Exercise: Go through the data from its first line and retype each line, stopping once the line containing "200 Neapolitano Batosta VII" has been retyped.

Data to process:
▼▼▼

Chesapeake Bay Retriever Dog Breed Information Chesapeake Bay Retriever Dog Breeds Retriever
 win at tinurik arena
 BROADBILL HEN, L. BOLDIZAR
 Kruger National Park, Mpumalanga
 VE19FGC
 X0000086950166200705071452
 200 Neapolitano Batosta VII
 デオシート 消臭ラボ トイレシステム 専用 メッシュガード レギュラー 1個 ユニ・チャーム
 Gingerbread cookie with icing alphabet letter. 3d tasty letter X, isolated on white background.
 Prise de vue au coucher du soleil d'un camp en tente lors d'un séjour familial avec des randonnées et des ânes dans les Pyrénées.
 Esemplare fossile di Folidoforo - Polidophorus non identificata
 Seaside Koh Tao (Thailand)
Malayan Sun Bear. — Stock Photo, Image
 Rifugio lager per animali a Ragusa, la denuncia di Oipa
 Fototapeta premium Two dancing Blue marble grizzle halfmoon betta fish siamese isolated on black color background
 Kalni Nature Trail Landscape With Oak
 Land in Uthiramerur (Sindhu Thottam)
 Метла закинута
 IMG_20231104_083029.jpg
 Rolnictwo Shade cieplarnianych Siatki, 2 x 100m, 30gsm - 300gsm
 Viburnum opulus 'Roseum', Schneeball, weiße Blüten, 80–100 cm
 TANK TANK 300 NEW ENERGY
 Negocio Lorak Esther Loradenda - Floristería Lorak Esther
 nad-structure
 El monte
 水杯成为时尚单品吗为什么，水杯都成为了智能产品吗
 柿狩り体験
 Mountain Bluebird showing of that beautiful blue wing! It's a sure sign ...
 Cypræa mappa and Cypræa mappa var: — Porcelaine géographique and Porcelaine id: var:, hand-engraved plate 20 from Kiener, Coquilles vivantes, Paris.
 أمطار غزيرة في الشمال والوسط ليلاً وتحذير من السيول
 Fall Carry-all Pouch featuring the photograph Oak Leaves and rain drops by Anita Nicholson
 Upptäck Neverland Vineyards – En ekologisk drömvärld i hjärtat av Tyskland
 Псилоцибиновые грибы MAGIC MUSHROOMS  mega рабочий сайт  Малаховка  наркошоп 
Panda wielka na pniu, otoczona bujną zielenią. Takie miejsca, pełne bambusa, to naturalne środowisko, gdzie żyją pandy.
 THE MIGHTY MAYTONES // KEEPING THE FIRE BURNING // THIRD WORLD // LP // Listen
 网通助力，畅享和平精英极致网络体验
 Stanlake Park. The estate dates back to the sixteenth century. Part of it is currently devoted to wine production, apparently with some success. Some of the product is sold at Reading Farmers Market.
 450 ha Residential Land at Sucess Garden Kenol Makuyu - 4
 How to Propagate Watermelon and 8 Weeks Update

▲▲▲

Written response:
Chesapeake Bay Retriever Dog Breed Information Chesapeake Bay Retriever Dog Breeds Retriever
 win at tinurik arena
 BROADBILL HEN, L. BOLDIZAR
 Kruger National Park, Mpumalanga
 VE19FGC
 X0000086950166200705071452
 200 Neapolitano Batosta VII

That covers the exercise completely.